» **ASSIGNED TASK**:
Give back exactly the lines of the data below, starting with the line that has "Предсказание - Атмосфера" and going on through the line that has "BMW Série 3 Touring".

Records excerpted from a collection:
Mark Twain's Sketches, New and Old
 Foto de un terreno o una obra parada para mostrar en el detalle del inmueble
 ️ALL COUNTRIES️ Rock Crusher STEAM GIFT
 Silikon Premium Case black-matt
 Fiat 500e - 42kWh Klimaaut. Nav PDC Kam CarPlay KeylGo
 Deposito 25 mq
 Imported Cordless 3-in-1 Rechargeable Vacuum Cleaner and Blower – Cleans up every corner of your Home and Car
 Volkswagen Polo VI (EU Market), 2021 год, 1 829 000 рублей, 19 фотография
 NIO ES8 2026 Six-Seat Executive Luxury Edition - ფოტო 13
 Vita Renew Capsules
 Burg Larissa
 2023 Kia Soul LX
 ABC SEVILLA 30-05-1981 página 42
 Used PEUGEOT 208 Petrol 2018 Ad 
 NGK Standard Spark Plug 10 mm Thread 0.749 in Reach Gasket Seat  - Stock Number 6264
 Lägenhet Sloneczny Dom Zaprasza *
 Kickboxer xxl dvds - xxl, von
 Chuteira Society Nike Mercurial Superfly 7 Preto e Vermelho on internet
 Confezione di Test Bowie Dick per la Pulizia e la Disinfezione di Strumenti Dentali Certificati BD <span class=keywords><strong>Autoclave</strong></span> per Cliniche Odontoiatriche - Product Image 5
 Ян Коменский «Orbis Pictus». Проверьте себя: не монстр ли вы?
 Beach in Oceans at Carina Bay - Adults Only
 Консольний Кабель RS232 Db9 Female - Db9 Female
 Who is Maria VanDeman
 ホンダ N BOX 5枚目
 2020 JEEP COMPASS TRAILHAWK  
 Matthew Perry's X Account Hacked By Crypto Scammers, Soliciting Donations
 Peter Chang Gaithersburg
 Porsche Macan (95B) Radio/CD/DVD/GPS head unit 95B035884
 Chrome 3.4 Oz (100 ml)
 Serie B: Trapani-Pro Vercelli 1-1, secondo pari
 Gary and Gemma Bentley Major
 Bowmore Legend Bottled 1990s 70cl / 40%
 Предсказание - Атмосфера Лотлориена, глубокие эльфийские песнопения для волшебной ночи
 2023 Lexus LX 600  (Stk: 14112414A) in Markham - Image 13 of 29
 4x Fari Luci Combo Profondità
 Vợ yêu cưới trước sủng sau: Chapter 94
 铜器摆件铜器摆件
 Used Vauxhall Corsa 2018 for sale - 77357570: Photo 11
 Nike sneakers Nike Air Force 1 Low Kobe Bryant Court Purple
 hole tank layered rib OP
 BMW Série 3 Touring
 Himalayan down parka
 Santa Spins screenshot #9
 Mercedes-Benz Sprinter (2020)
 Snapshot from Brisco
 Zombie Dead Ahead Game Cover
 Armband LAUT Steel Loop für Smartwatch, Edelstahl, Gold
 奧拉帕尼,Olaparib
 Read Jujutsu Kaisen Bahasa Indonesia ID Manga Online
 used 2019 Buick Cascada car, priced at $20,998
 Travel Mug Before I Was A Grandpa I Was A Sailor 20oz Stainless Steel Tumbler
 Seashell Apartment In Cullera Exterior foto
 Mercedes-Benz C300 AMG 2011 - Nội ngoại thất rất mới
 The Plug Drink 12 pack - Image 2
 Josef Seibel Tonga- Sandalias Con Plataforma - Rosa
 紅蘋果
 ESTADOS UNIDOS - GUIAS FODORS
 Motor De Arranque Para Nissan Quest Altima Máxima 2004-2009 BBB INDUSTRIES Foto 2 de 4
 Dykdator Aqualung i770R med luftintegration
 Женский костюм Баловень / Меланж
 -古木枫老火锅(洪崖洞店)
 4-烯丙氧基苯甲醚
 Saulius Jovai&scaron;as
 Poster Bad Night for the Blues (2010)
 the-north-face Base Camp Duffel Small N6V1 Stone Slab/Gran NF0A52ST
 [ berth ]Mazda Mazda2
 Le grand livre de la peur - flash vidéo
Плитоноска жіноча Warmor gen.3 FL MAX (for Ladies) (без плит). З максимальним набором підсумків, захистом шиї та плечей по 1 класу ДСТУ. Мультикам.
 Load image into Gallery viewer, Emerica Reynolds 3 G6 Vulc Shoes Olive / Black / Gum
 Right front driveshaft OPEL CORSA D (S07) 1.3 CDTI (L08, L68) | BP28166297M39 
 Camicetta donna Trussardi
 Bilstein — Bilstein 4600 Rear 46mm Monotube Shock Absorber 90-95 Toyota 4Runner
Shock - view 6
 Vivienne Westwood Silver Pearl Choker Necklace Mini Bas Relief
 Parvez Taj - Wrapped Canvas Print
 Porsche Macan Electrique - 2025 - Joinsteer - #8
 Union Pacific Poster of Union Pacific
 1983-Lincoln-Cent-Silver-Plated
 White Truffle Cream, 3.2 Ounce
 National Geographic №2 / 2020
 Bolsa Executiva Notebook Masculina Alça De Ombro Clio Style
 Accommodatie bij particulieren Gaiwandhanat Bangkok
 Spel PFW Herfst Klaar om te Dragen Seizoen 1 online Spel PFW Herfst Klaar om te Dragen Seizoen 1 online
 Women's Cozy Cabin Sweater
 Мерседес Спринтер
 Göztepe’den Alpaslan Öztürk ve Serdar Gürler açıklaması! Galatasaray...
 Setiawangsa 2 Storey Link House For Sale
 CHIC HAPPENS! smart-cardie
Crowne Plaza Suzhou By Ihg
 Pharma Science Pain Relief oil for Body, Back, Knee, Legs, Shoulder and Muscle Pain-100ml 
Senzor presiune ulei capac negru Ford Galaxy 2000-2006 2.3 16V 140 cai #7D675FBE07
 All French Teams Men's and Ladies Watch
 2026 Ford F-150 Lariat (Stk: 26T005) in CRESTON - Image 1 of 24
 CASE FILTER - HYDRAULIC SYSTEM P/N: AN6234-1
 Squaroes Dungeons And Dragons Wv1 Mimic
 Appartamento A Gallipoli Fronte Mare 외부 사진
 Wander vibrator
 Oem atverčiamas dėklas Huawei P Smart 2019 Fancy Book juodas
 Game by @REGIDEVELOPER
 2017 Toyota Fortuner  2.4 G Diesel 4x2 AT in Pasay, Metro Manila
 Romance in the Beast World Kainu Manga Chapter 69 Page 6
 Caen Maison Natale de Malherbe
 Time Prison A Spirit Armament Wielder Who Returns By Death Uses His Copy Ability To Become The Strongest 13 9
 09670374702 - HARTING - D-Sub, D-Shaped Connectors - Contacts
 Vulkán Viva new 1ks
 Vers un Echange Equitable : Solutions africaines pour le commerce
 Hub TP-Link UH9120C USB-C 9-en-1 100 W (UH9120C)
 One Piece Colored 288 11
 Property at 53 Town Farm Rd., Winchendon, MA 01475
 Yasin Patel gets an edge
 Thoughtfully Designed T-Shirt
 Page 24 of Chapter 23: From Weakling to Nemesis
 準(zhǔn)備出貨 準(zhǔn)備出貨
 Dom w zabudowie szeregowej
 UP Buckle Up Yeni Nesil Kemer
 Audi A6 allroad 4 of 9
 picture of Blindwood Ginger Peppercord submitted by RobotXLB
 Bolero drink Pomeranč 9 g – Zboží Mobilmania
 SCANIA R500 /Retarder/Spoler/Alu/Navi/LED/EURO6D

» **ANSWER**:
 Предсказание - Атмосфера Лотлориена, глубокие эльфийские песнопения для волшебной ночи
 2023 Lexus LX 600  (Stk: 14112414A) in Markham - Image 13 of 29
 4x Fari Luci Combo Profondità
 Vợ yêu cưới trước sủng sau: Chapter 94
 铜器摆件铜器摆件
 Used Vauxhall Corsa 2018 for sale - 77357570: Photo 11
 Nike sneakers Nike Air Force 1 Low Kobe Bryant Court Purple
 hole tank layered rib OP
 BMW Série 3 Touring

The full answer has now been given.